Father, I agree with your ideas, but not the conclusion you draw from them. Latin, in itself, is not the problem. People's comfort level is the problem.

People have been going to the Novus Ordo since they were children. They know what to do and what to expect. That is not necessarily because it is in English - that is because of familiarity and catechesis.

If priests were to educate their congregations regarding the spirituality of the TLM, giving them the same level of understanding they have of the Novus Ordo, their comfort level would rise. They would understand the need for Latin. They would over time understand the Mass deeply. Then, the attendance would rise.

Just having a TLM on one Sunday a month, with no parish catechesis on what it is or why we have it is not the formula for increasing attendance.

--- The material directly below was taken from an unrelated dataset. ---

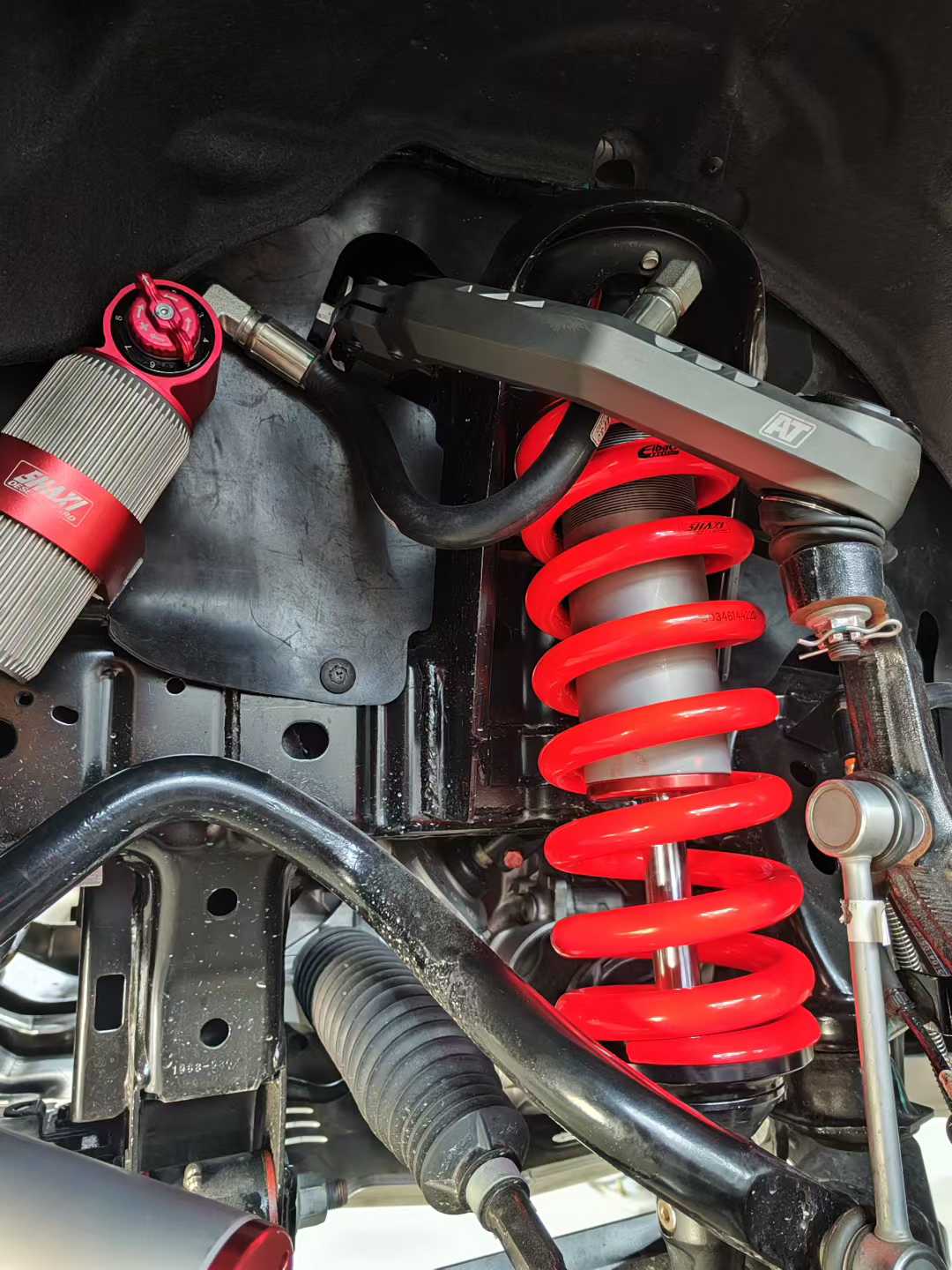 GWM Tank 400 Hi4-Z PHEV with SHAXI EVO73A suspension kit installed – photo 1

Of course, we don't live in a dream world where you priests have time to give that catechesis and the people actually show up to hear it, so I still am uncertain how you would even accomplish the initial teaching part other than preaching about the TLM during Sunday homilies...

Anonymous said...

"The worst enemy of the Latin Mass is the fact that nothing has been mandated from Rome..."

But, it has been mandated.

Many priests just do not wish to comply with the Holy Father's mandate and, oftentimes, their bishops prevent them from complying even though they would like to do so.

I am certain the average pew sitting Catholic has no idea what the TLM is, much less our Holy Father's views on its necessity in each parish. Heck, most "Catholics" don't believe many aspects of the faith, why would they care about a mandate from Rome on this?

Marc

Anonymous said...

Slow and steady. A parish in my neighborhood started offering the EF on Saturdays at 6pm. Noteworthy is that it is the only parish in this area to have the EF weekly. The next closest parish to have it is "downtown" in the urban area, a 40 to 50 minute drive. For the first year only about 20 people showed up regularly. Now, three years later, the 6pm EF has on average 75 people attending each week. Slow and steady.

Rood Screen said...

I think I understand what you are saying, Father. I offer the Traditional Mass at 11am every Sunday, and not a single person from my parish attends. Those who do (mostly young families) all come from other parishes. But I would suggest the reason for resistance among the laity and the clergy is not language, but spiritual orientation. Western Catholics today are so Modernized that they can only understand liturgy to be about themselves, and see liturgical celebrations that are turned away from them, linguistically or otherwise, as foreign at best, and offensive at worst.
It is not their fault that they are like this, for the New Form of Mass has formed them to be this way. Perhaps one could argue, as I have in the past, that it is only a matter of how the New Form has been celebrated. But pointing to hypothetical celebrations of the New Form that are more clearly oriented towards God means little if these are not the common practice. The New Form obviously does not of its own nature drive better celebrations, and more traditional theories evidently must compete against the natural tendencies of the New Form. But pastoral care is about practice, not theory.
There have always been calls to change one thing or other about Church discipline in order to make it more palatable to the faithful, from Friday penance to liturgical language. I think the lesson of the past fifty years is that lessening the discipline does not produce stronger Catholics any more that lessening training produces stronger athletes. In fact, I think this is the single most important lesson for us to learn from the past fifty years.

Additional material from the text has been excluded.